Sob o ponto de vista técnico, como é de prever, é extremamente precário, a todos os títulos, o seu parque industrial, ao que se alia uma técnica deficiente e empírica, que acarreta as consequências mais graves, quer em rentabilidade, quer em qualidade. Contudo, não se deve menosprezar certos produtos da indústria caseira (que, aliás, devem ser considerados num esquema diferente do da pequena e média empresa e que tem muito de positivo para a valorização regional e turística), pois essa participação constitui um verdadeiro alfobre de interesse para a economia doméstica, e, nomeadamente, agrícola.
3. Um apoio indispensável.
[..]
No entanto, é de esperar que o Estado venha a tomar uma participação directa em muitas dessas empresas, quer por ter forçosamente de as gerir por abandono ou desinteresse dos proprietários ou por ameaça de falência, a fim de garantir o emprego e a produção necessária ao consumo, quer intervindo directamente nos aspectos tecnológicos, dos quais depende a promoção da qualidade e a obtenção de melhores rendimentos. Em qualquer dos casos, o INII pode e deve desempenhar um papel de primordial relevo nesses processos, pois tem quadros com experiência que permitem a montagem imediata desses serviços com a dimensão que se tornar indispensável. Basta, para tanto, que lhe sejam facultados os meios humanos e materiais que permitam a esses quadros uma autêntica intervenção. Isto não significa de nenhum modo uma atitude de proteccionismo ou de paternalismo, que, além de tudo, são sentimentos incompatíveis com ambições de conquista de mercados externos, e com as investidas que possam surgir do exterior por forçadas penetrações das nossas fronteiras aduaneiras, derivadas de acordos internacionais a que Portugal se veja ligado.

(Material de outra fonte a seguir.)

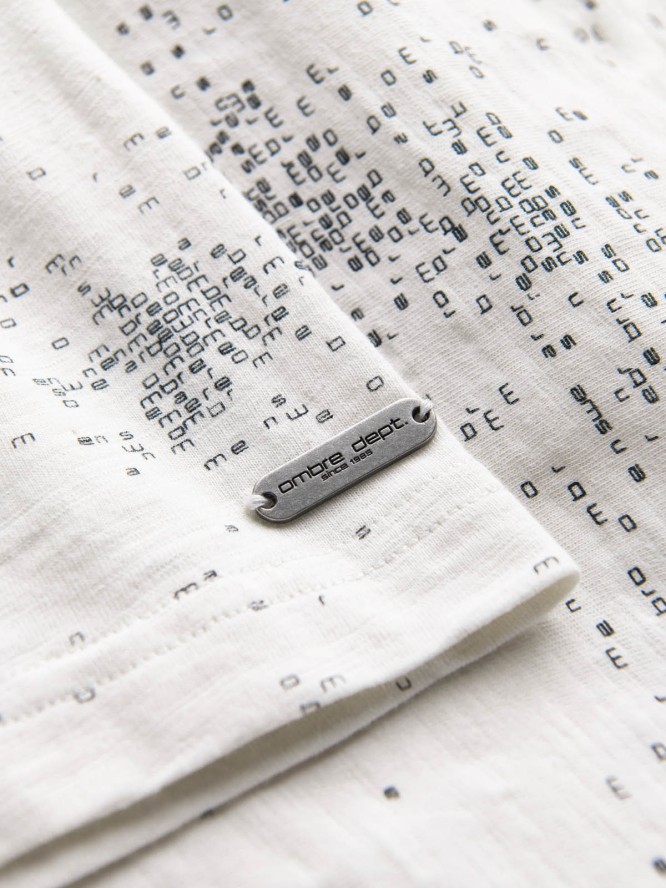 T-shirt męski fullprint z rozrzuconymi literami - jasnobeżowy V1 OM-TSFP-0179 - XXL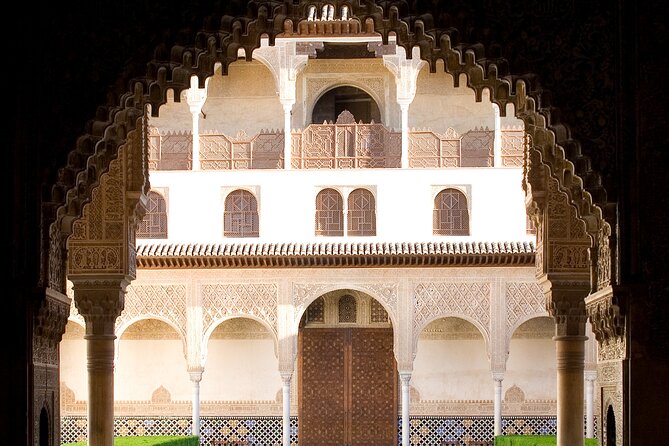 Guided tour of La Alhambra with tickets included - What your guide helps you notice in the palaces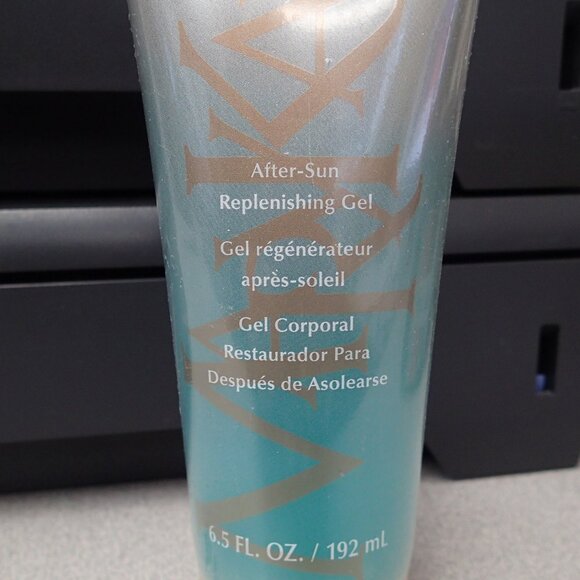 Mary Kay After Sun Replenishing Gel - Picture 1 of 4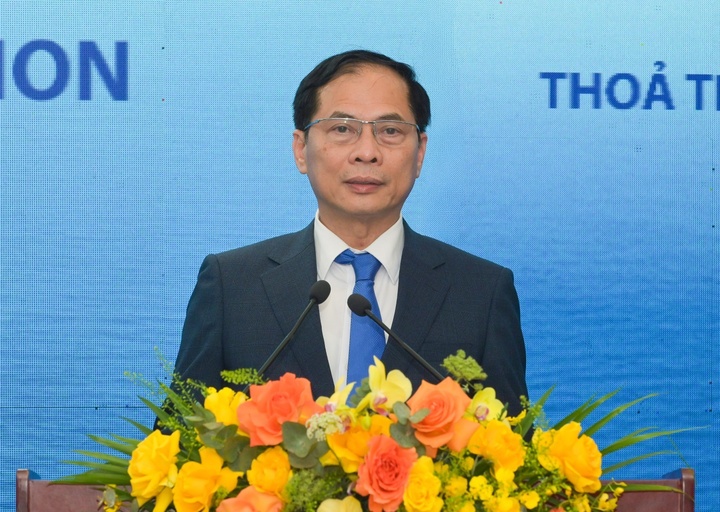 Phó Thủ tướng, Bộ trưởng Bộ Ngoại giao Bùi Thanh Sơn khẳng định, hợp tác giữa Petrovietnam và Petronas trong việc khai thác tài nguyên là mẫu mực trên tinh thần tôn trọng, hiểu biết lẫn nhau và cùng có lợi giữa hai quốc gia.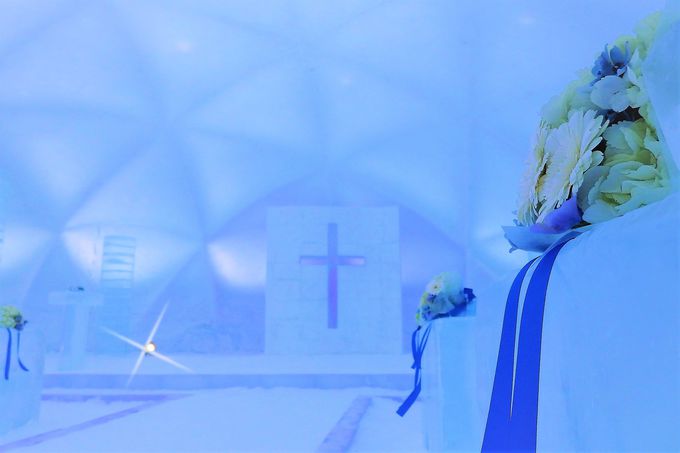 神秘的な空間と音色で満たされる「氷の教会」と「氷の楽器屋」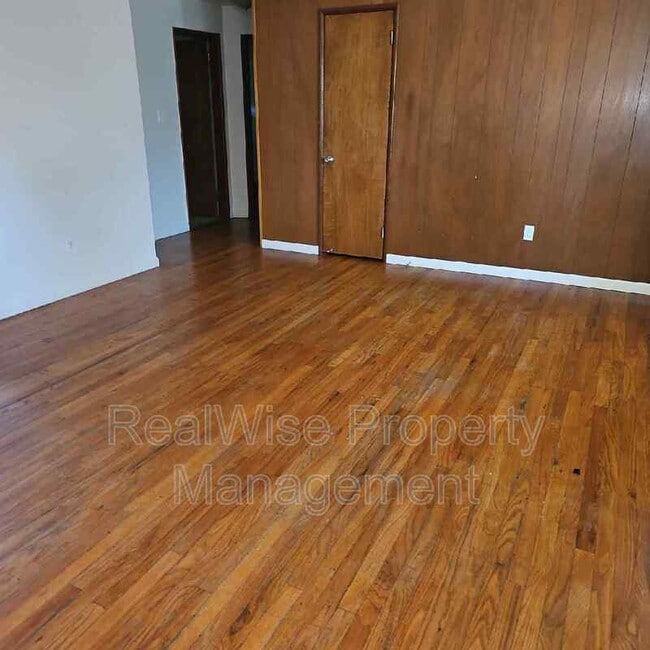 Foto del edificio - 626 NE Anderson St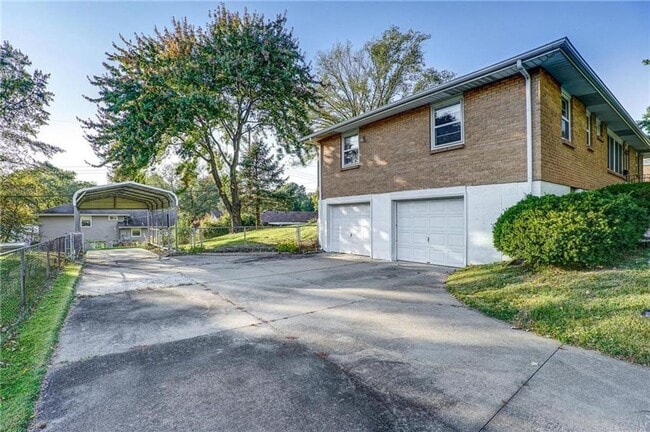8706 NE Boone St in Kansas City, MO - Building Photo - Building Photo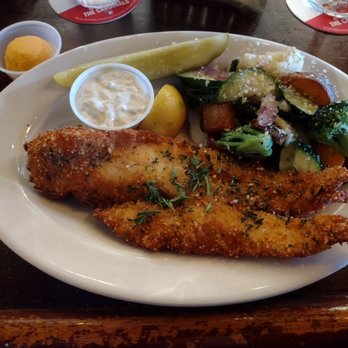 Yellowstone Cafe - Walleye Platter with Mixed Vegetables - American Near Me - Town and Country , Missouri Yellowstone Cafe - Walleye Platter with Mixed Vegetables - American Near Me - Town and Country , Missouri
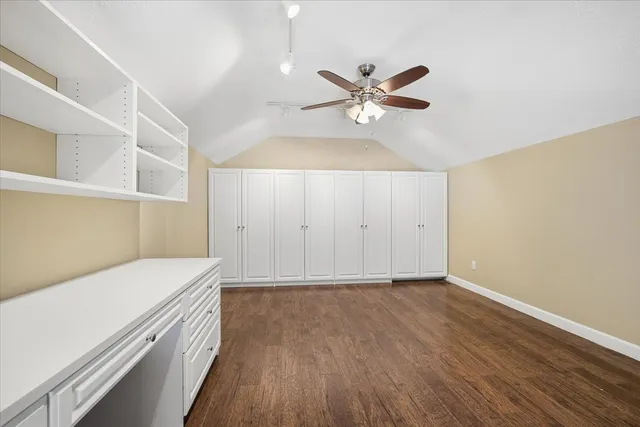 $380,000 | 11 Spruce Court, Bloomington, IL 61704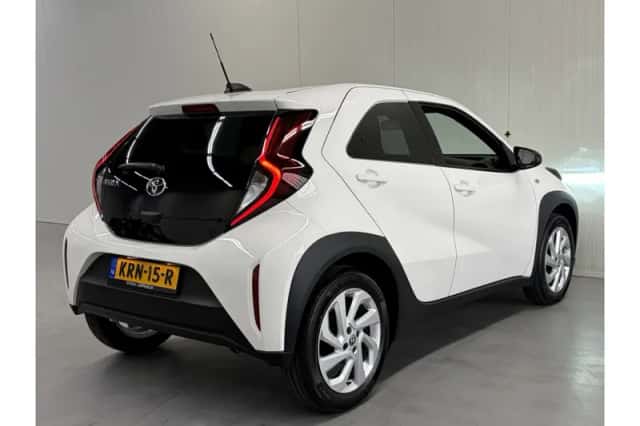 Toyota Aygo X (2025) thumbnail 2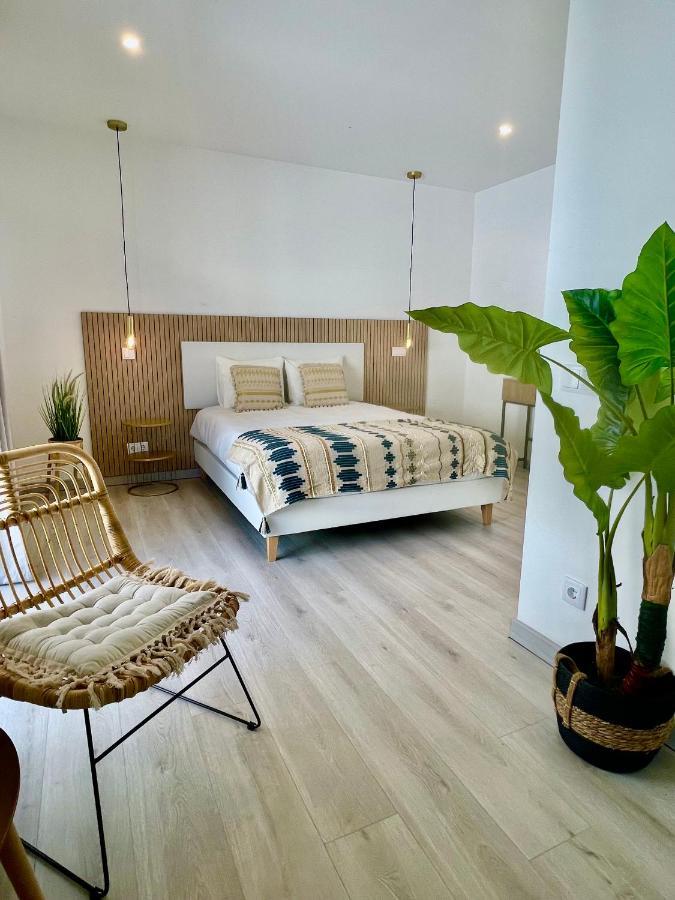 White Sand Apartments Downtown อัลบูเฟรา ภายนอก รูปภาพ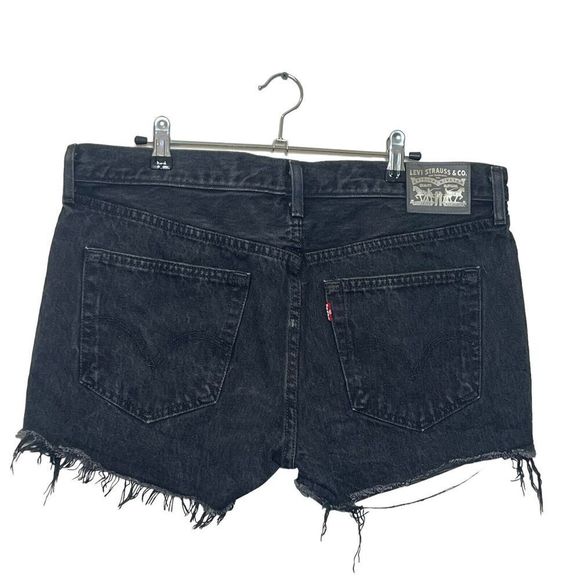 Levi’s High Rise Distressed Denim Cut Off Shorts Women’s Size 31 Black Rigid - Picture 4 of 11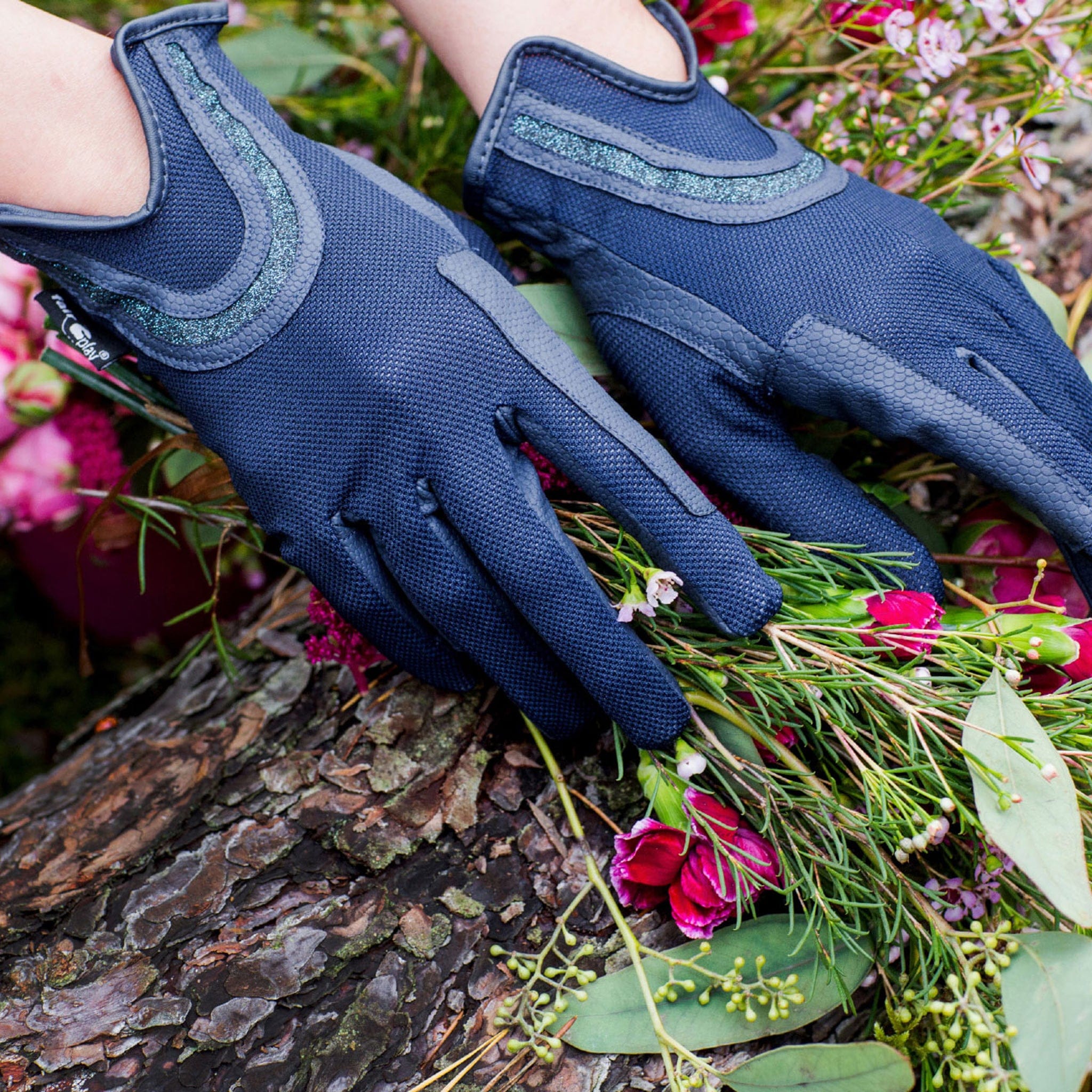 Fair Play Sol Riding Gloves 06092 Navy On Model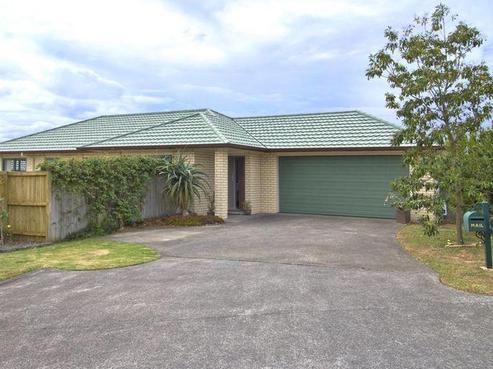 12 Ashkirk Place, Wattle Downs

Pode dizer-se que, no momento actual [anos noventa do século passado], o DTIA tem iniciadas intervenções do tipo das acima mencionadas, mas é evidente que essa participação terá de ser amplamente aumentada e completada com adequado apoio do sector económico em matéria de gestão» [No presente todo este apoio foi selvaticamente desmantelado. Hoje não há apoio técnico e científico às PME].